It is alleged the 20-year-old's captor worked for a group offering services on the clandestine network and had attempted to auction her off online.
Here we explain more about the murky underground of the internet:
What is the dark web?
The term refers to part of the internet that is only accessible using software which allows users to remain anonymous and untraceable. The most common way to access sites on the dark web is through a covert browser called TOR. The dark web cannot be navigated with normal search engines such as Google.
What is it used for?
Much of the dark web is an online black market where users can buy goods using digital currencies such as Bitcoin and trade in illegal items. The National Crime Agency has said the use of the dark web “as an international market place for firearms, drugs and indecent images of children” is continuing to rise.
But the dark web also offers a safe, anonymous way to access the internet for those living in countries where you could be arrested for online activity.

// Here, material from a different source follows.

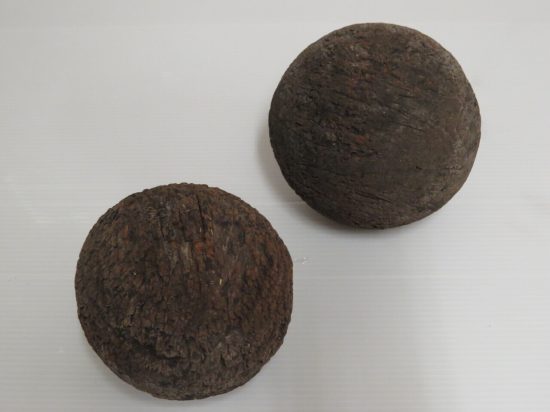 Lote: 92 - Lote: 92 - 2 bochas antiguas de madera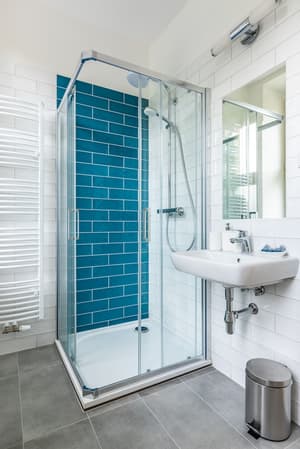 thumbnail: Bathroom shower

How can authorities tackle crime on the dark web?
The complex encryption tools used to communicate over the dark web makes identifying and finding criminals a challenge for authorities.
The National Crime Agency states: “The dark web may appear to offer criminals a degree of anonymity but law enforcement agencies are able to exploit that cover themselves and have a whole range of tools to go after their targets.”
What high-profile cases have involved the dark web?
In September 2015 software programmer Mohammed Ali was jailed for eight years for trying to buy deadly ricin poison from the dark web after also being inspired by Breaking Bad. He bought 500 dollars (£320) worth of the powder, enough to kill 1,400 people. But he had unwittingly contacted an FBI agent, who sent him a harmless substance and tipped off UK police.
One of Britain's worst paedophiles was also jailed in June last year after sharing images on the dark web as he abused up to 200 Malaysian children.
Freelance photographer Richard Huckle, from Ashford in Kent, was handed 22 life sentences after admitting an unprecedented number of offences.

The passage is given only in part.